-- Available data follows --

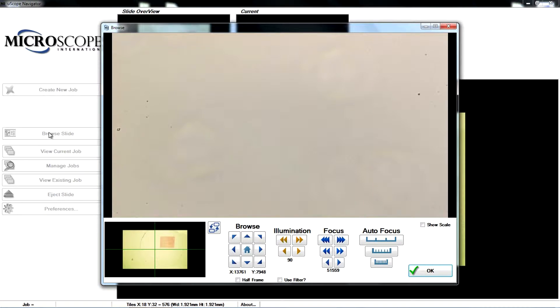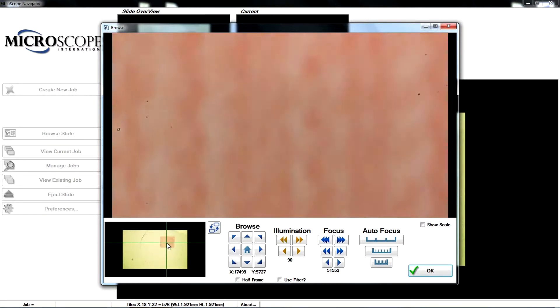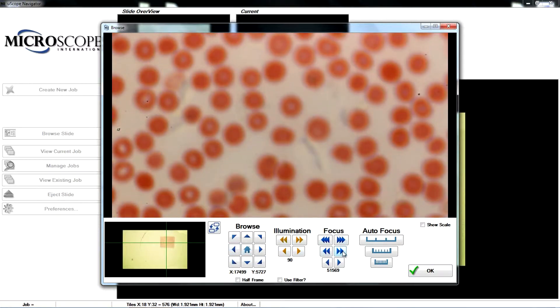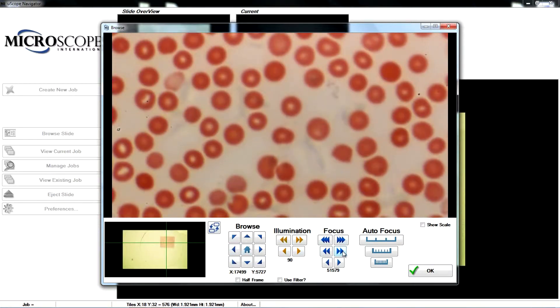Controls in the browse window provide for navigation, illumination, and focus. You may click in the Overview area to select the part of the slide to view. Use the manual focus or the automatic focus controls to bring the image into focus.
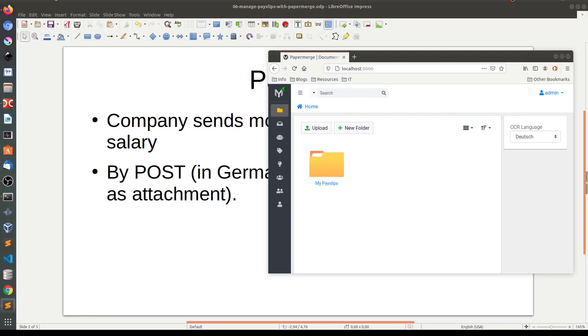Hi everybody, my name is Eugene and in this screencast I'm going to show you how you can manage your payslips with Paper Merge. Along the way I'll introduce a couple of interesting features like document versioning, metadata, and the preview of OCR text. Let's start.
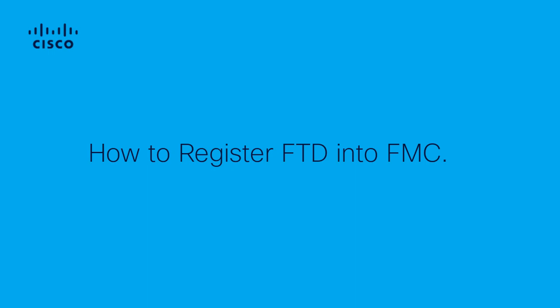Hi, this is Bernice Gerrard from Cisco Tech. In this video, I will show you how to register the FTD into the FMC to manage your devices through the management center and not locally.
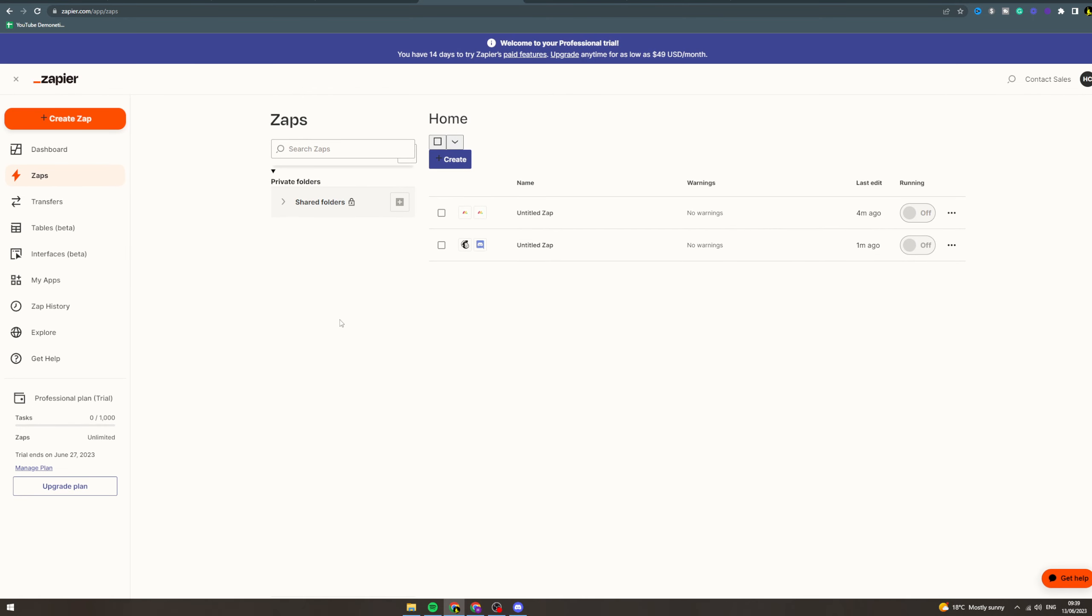In today's video I'm going to teach you how to make money with Zapier. Now there's a billion ways to do this honestly, and what you're going to need to do is find a process and automate it. That's the long and short of it.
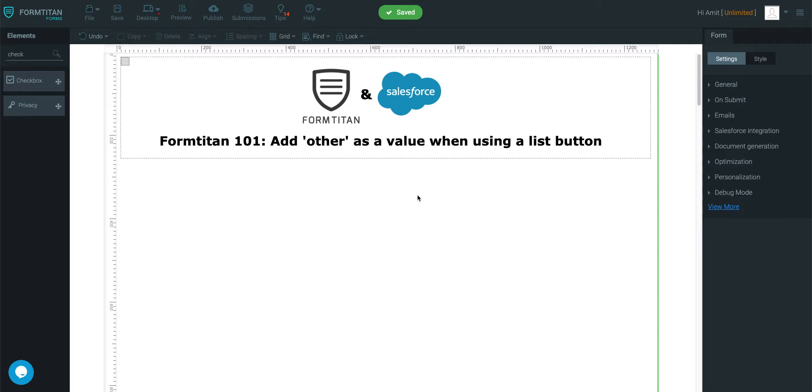Welcome to another FormTitan video. In this video we'll talk about add other as a value when using a list button. So let's get a couple of list buttons across.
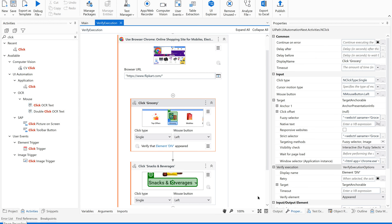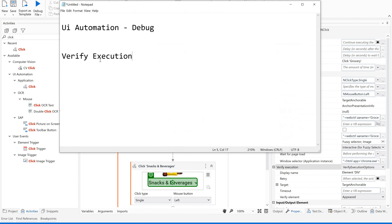So this is the use of the verify execution feature in UiPath Studio. I hope that using all these debugging methods and debugging features in UiPath, we can deliver 100% successful UI automation to our clients.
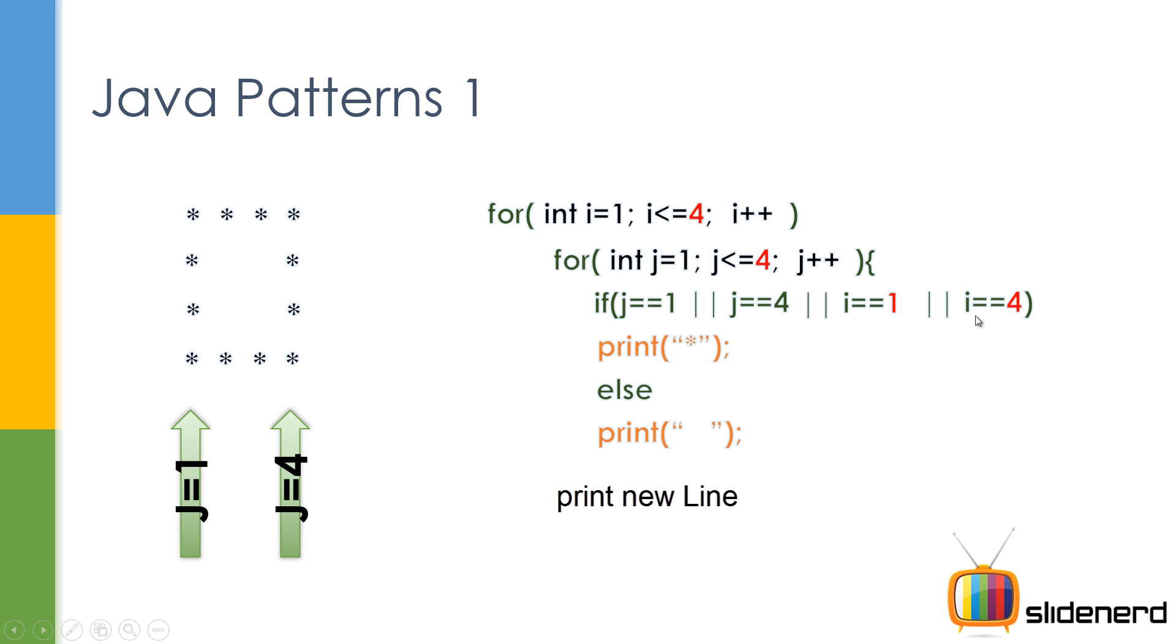So I'm also gonna say i is one or i is four, then print all the stars. Otherwise print spaces. As you guys can see, this will run and show you perfectly a square with hollow spaces in between.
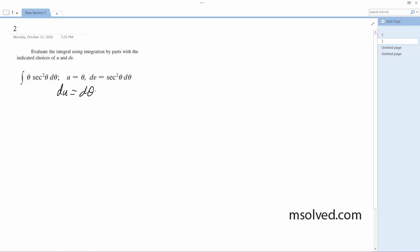And v is going to equal tangent theta because the derivative of tangent is secant squared, and the integral of secant squared is tangent. So that works out. We're going to have the integral of theta secant squared theta d theta equal to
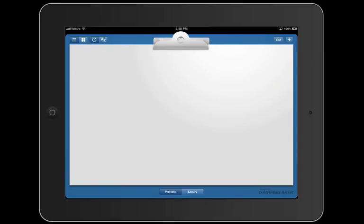That's the end of this screencast. More to come later, but those are some of the basic operations: create a project, move around in the video, and so on. If you have any questions, email support at sportstech.com. Thank you very much for listening.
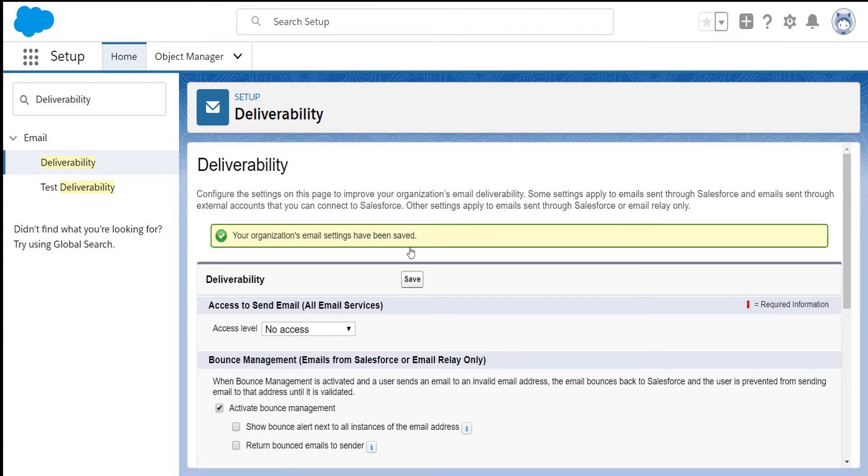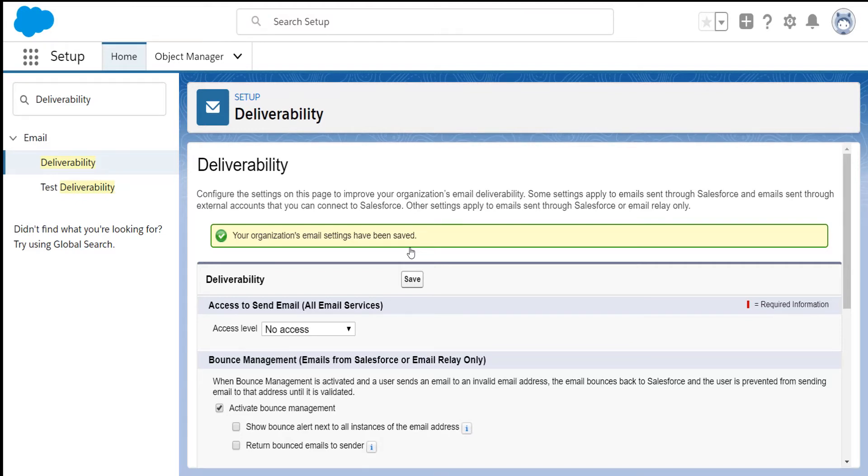If you find that this drop down box is grayed out, then you're missing a permission on the back end that allows you to edit this field. If so, please contact Salesforce support for help with gaining this access and we'll be glad to assist.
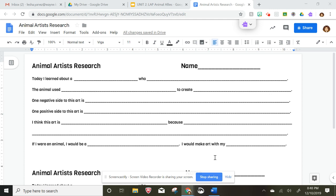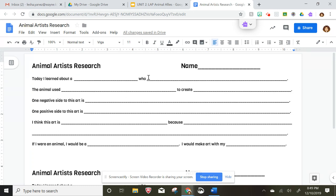All right guys, so after you read your research articles you're gonna fill out this paper. On this line you write the animal right here — 'Today I learned about' — and you write your animal after the word.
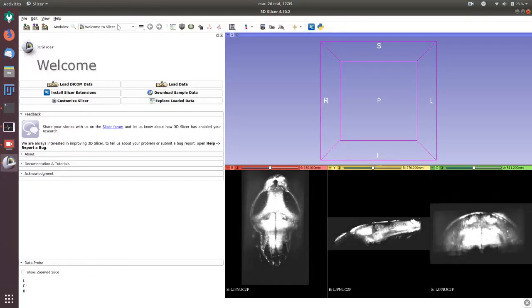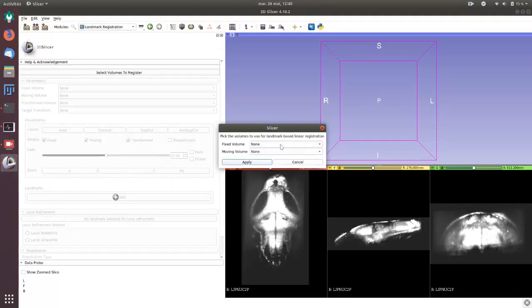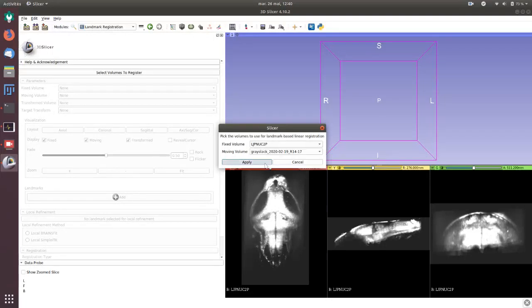The action we want to perform is a registration, landmark registration, with as a fixed volume the reference brain and as moving the gray stack.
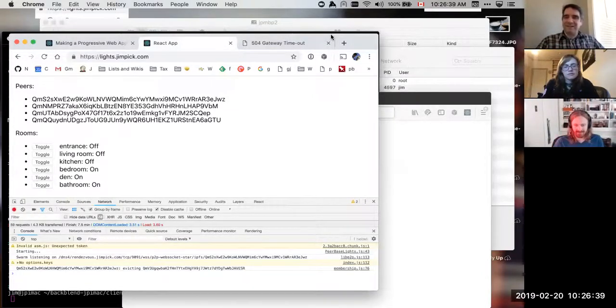I'll see if I can find the bookmark for that project. Also, chatting more with Gozala about P2P progressive web apps sounds very much up our alley — we should learn more about that. If there's a link, that'd be really cool to add to the notes.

-- Available data concluded --

Work request
In the listing above, find the line with "So I'm also" and the line with "And v is going". Copy exactly those lines and all between them, minus the images.

Answer
So I'm also gonna say i is one or i is four, then print all the stars. Otherwise print spaces. As you guys can see, this will run and show you perfectly a square with hollow spaces in between.
And v is going to equal tangent theta because the derivative of tangent is secant squared, and the integral of secant squared is tangent. So that works out. We're going to have the integral of theta secant squared theta d theta equal to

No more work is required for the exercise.